# Hi everone!



## S15dude (May 7, 2002)

Hi I am new here, thanks to Grant for tellin me about this forum.
I recognize some of you from zilvia and freshalloy.


----------



## Grant (May 2, 2002)

hi everyone


----------



## Guest (May 7, 2002)

how YOU doin'?


----------



## Guest (May 7, 2002)

oh god no.........S15dude is here.......that's it, i'm leavin

actually, i'll stay, glad to have you, let's hope we can keep this forum idiot free for a while


----------



## Guest (May 7, 2002)

tnord said:


> *oh god no.........S15dude is here.......that's it, i'm leavin
> 
> actually, i'll stay, glad to have you, let's hope we can keep this forum idiot free for a while *


....to late! Grants already here!  j/k


----------



## Grant (May 2, 2002)

aww dammit, s15dude an badmojo's here, I'm going to have to commit some hate crimes now.


----------



## S15dude (May 7, 2002)

Grant, just remember I know where you live!!!


----------



## Guest (May 8, 2002)

Grant said:


> *aww dammit, s15dude an badmojo's here, I'm going to have to commit some hate crimes now.  *


Always talkin shit about the crackers. Don't make me and tnord kick your ass. We will drive out there in our pickup trucks and string your ass up, ya hear!


----------



## Sykikchimp (May 8, 2002)

I'll video tape it, and post it on the forums.. THAT would be a funny thread.
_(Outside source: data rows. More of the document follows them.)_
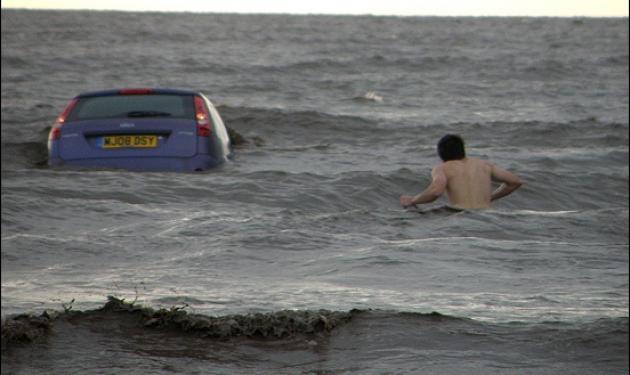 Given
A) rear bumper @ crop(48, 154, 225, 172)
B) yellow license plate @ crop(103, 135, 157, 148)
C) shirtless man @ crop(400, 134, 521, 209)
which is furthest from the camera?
yellow license plate @ crop(103, 135, 157, 148)

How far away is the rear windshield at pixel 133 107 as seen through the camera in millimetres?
12297

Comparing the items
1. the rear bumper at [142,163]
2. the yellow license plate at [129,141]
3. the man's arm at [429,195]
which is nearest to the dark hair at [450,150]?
the man's arm at [429,195]

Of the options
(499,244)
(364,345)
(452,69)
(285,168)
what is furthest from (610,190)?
(452,69)

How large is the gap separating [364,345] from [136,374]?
1068 mm

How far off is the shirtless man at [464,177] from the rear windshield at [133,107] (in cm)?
310

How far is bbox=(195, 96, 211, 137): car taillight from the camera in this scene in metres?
12.3

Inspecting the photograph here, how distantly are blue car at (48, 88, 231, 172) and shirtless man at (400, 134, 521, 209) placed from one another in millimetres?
2768

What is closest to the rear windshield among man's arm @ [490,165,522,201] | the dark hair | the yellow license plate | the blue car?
the blue car

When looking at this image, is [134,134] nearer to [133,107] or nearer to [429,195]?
[133,107]

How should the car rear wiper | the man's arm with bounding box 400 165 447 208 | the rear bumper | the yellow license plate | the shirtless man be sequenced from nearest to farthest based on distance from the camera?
the man's arm with bounding box 400 165 447 208, the shirtless man, the rear bumper, the yellow license plate, the car rear wiper

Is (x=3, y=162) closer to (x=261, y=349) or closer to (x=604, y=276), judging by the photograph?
(x=604, y=276)

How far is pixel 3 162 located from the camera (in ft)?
50.6

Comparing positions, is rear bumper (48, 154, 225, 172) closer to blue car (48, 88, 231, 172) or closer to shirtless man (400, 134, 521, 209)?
blue car (48, 88, 231, 172)

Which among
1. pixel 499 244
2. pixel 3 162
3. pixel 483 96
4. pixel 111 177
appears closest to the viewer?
pixel 499 244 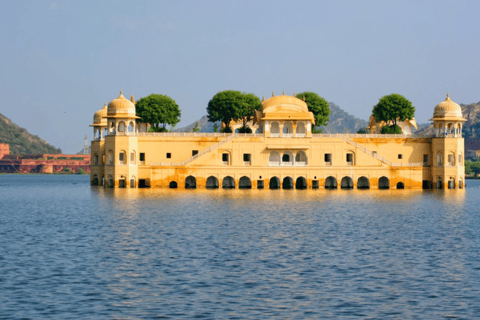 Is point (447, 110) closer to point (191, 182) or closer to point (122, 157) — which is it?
point (191, 182)

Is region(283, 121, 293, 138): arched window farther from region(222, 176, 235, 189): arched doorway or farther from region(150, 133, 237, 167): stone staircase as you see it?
region(222, 176, 235, 189): arched doorway

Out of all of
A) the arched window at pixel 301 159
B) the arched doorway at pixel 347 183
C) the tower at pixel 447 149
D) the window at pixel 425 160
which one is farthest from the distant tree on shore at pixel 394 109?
the arched window at pixel 301 159

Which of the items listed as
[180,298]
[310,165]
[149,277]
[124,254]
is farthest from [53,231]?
[310,165]

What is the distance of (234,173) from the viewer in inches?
3273

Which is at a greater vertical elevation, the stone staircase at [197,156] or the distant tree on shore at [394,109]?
the distant tree on shore at [394,109]

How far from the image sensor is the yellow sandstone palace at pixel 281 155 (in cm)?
8275

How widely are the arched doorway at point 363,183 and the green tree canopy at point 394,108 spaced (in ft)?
38.6

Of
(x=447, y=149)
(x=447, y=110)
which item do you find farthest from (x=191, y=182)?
(x=447, y=110)

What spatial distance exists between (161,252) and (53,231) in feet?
35.3

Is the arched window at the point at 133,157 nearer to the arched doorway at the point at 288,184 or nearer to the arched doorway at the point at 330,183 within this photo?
the arched doorway at the point at 288,184

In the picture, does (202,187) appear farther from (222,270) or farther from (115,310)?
(115,310)

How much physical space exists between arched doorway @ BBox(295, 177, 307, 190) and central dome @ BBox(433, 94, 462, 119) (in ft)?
57.4

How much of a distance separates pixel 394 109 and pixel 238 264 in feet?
241

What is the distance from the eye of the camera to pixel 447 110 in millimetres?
88062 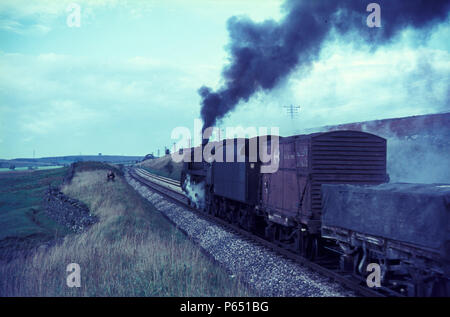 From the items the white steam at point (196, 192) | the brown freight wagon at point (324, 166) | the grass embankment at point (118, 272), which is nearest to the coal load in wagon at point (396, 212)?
the brown freight wagon at point (324, 166)

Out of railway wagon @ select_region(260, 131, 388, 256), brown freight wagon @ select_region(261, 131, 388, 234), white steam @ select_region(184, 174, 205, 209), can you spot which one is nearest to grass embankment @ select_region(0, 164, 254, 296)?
railway wagon @ select_region(260, 131, 388, 256)

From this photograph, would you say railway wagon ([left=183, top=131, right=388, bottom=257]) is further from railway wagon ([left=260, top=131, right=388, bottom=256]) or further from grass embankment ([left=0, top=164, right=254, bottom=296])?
grass embankment ([left=0, top=164, right=254, bottom=296])

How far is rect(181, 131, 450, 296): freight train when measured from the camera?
638 centimetres

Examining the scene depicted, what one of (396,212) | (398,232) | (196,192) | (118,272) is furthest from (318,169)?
(196,192)

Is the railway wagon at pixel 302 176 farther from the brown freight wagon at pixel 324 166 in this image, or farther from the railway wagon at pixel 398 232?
the railway wagon at pixel 398 232

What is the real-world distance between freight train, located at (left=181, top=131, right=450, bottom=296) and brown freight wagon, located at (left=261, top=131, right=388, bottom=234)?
1.1 inches

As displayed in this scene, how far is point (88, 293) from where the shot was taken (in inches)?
281

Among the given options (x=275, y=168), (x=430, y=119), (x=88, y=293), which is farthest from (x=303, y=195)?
(x=430, y=119)

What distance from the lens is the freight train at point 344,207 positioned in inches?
251

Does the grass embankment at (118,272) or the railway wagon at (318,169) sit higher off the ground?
the railway wagon at (318,169)

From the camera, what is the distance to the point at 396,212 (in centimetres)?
685

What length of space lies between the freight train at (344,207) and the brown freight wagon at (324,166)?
0.09ft

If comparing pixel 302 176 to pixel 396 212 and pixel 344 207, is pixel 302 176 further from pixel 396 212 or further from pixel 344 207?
pixel 396 212

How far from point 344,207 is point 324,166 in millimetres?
1785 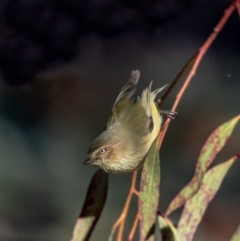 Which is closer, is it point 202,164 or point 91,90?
point 202,164

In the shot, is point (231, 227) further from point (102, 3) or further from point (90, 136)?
point (102, 3)

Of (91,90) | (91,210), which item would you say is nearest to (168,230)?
(91,210)

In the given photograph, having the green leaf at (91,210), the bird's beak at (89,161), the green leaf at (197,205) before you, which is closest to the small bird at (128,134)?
the bird's beak at (89,161)

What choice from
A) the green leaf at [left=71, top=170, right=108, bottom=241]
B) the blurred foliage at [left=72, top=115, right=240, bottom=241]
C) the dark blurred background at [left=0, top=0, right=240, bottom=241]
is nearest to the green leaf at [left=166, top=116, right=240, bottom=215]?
the blurred foliage at [left=72, top=115, right=240, bottom=241]

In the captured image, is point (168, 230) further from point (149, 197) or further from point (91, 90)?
point (91, 90)

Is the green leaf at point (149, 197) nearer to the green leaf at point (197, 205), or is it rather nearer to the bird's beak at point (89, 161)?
the green leaf at point (197, 205)

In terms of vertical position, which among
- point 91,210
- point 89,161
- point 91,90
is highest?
point 91,90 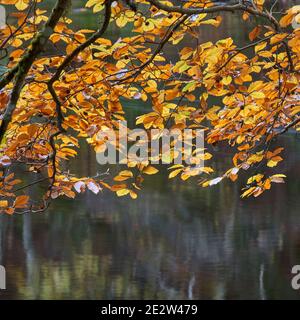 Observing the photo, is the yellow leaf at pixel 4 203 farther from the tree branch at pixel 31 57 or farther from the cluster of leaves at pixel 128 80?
the tree branch at pixel 31 57

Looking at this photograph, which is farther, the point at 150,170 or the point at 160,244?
the point at 160,244

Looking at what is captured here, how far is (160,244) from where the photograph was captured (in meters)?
9.54

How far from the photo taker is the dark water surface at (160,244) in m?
8.03

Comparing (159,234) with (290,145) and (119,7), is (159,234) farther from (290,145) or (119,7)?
(119,7)

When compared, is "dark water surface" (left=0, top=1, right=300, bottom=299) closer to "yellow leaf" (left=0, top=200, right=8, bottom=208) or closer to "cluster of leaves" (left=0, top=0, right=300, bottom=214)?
"yellow leaf" (left=0, top=200, right=8, bottom=208)

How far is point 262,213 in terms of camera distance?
10.5 meters

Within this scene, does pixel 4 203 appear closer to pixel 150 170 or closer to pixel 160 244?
pixel 150 170

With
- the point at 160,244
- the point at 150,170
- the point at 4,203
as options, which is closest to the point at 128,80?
the point at 150,170

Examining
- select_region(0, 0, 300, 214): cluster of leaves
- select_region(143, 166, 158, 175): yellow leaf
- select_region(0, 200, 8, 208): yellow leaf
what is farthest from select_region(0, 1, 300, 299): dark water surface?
select_region(143, 166, 158, 175): yellow leaf

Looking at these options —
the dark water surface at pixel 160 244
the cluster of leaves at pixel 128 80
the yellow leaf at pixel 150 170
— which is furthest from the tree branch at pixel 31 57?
the dark water surface at pixel 160 244

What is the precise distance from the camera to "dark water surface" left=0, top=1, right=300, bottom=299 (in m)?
8.03

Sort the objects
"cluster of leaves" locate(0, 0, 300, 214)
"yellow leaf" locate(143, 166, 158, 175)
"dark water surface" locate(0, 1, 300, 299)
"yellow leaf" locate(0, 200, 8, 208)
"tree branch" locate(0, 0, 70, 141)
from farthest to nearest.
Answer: "dark water surface" locate(0, 1, 300, 299), "yellow leaf" locate(0, 200, 8, 208), "yellow leaf" locate(143, 166, 158, 175), "cluster of leaves" locate(0, 0, 300, 214), "tree branch" locate(0, 0, 70, 141)

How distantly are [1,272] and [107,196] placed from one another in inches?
126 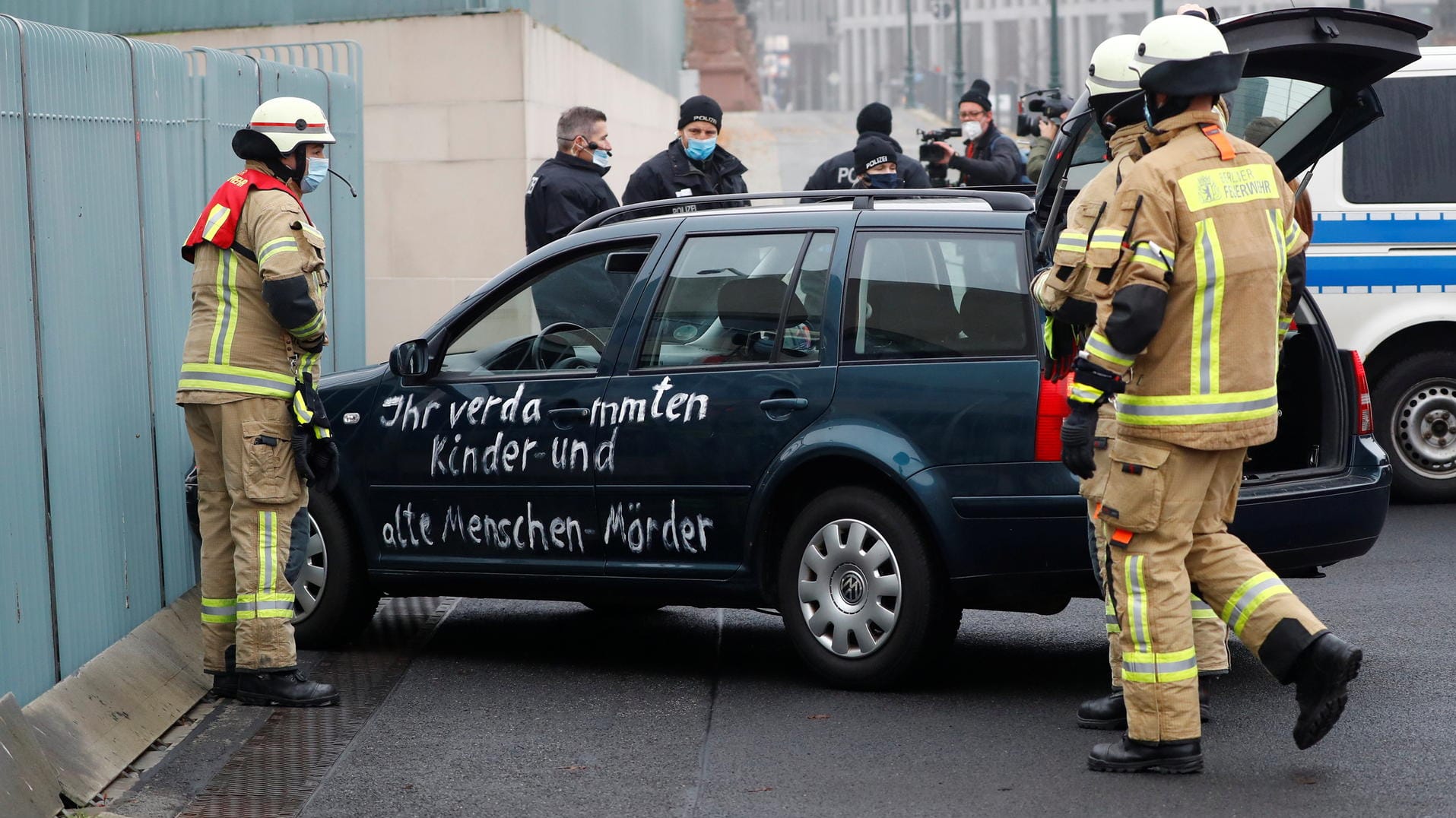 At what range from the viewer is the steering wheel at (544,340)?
6560mm

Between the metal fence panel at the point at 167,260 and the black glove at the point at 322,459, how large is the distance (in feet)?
2.94

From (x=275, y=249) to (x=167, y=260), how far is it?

LOL

btw.. Wuzzzzzzuuuupp... (In that Bud light kinda way)


----------



## AceInHole (May 8, 2002)

S15dude said:


> *
> I recognize some of you from zilvia and freshalloy. *


what's zilvia and freshalloy???


----------



## Sykikchimp (May 8, 2002)

hmm.. zilvia and Freshalloy.. maybe they are special metals from the X-men? kinda like adamentium?


----------



## Guest (May 13, 2002)

Can i have some suspension parts build with these special metals? they sounds light and strong


----------



## Grant (May 2, 2002)

S15dude said:


> *Grant, just remember I know where you live!!! *


not for long.... 


don't mind the ticking noise...


----------



## Guest (Jun 9, 2002)

I wasn't personally invited here, but it looks like most of the awesome people came over--unless you wanted this to be the No-Ma'am club?


----------



## Guest (Jun 13, 2002)

IMHO there's nothing like seeing a girl driving a fixed up S14, I get shivers. (well not really, but i wish i did) - Always brings a smile to my face.


----------



## Grant (May 2, 2002)

96SEChick said:


> *I wasn't personally invited here, but it looks like most of the awesome people came over--unless you wanted this to be the No-Ma'am club? *


of course you're welcome!!


----------